(Image-caption web data)
════════════════════

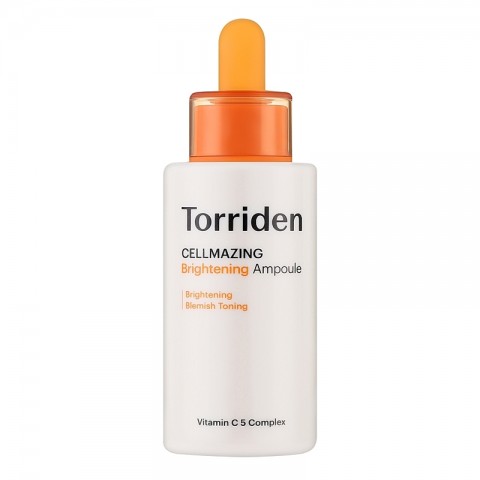 Torriden CELLMAZING Vita C Brightening Ampoule 30 mlIVET.HR - MODERNA ODJEĆA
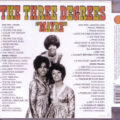 The Three Degrees – Maybe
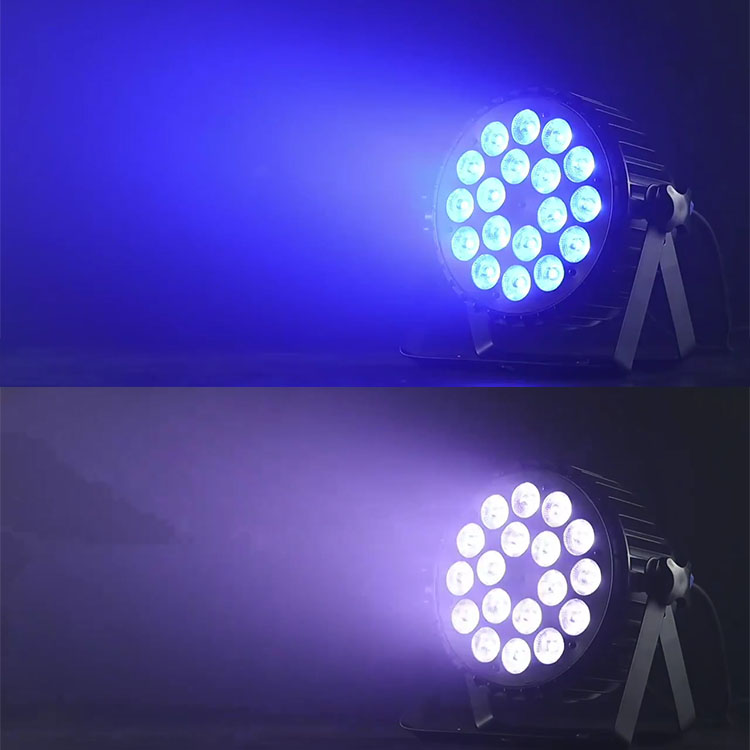 Stage Light Detail 3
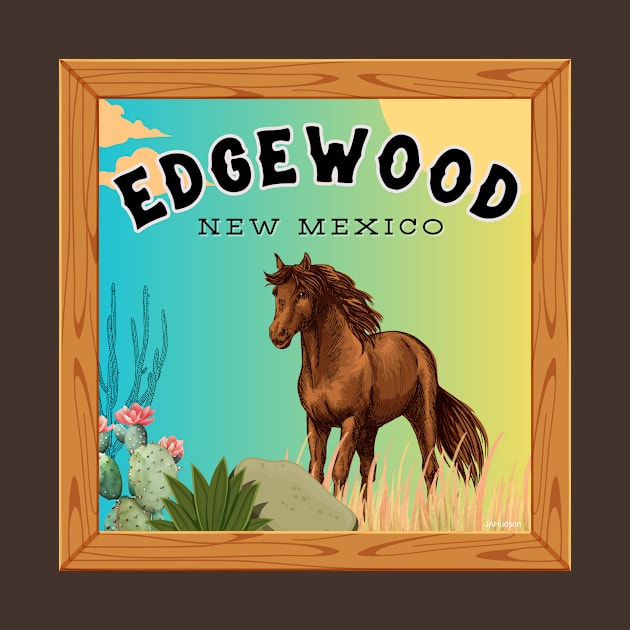 Edgewood New Mexico by JAHudson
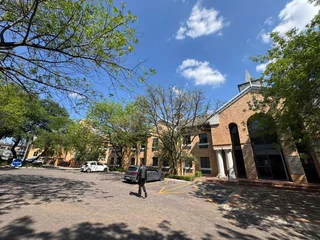 Prime 85m² Office Space to Let - Belvedere Place, Sunninghill, Sandton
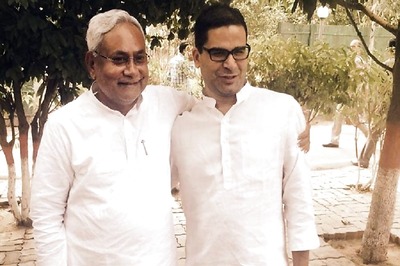 'Poor Attempt to Stay Relevant': Prashant Kishor Rubbishes Lalu's Claims on Nitish's Return to Alliance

════════════════════

Your answer should be an exact copy of the entries above, with no images included.

(Response below)
 Torriden CELLMAZING Vita C Brightening Ampoule 30 mlIVET.HR - MODERNA ODJEĆA
 The Three Degrees – Maybe
 Stage Light Detail 3
 Edgewood New Mexico by JAHudson
 Prime 85m² Office Space to Let - Belvedere Place, Sunninghill, Sandton
 'Poor Attempt to Stay Relevant': Prashant Kishor Rubbishes Lalu's Claims on Nitish's Return to Alliance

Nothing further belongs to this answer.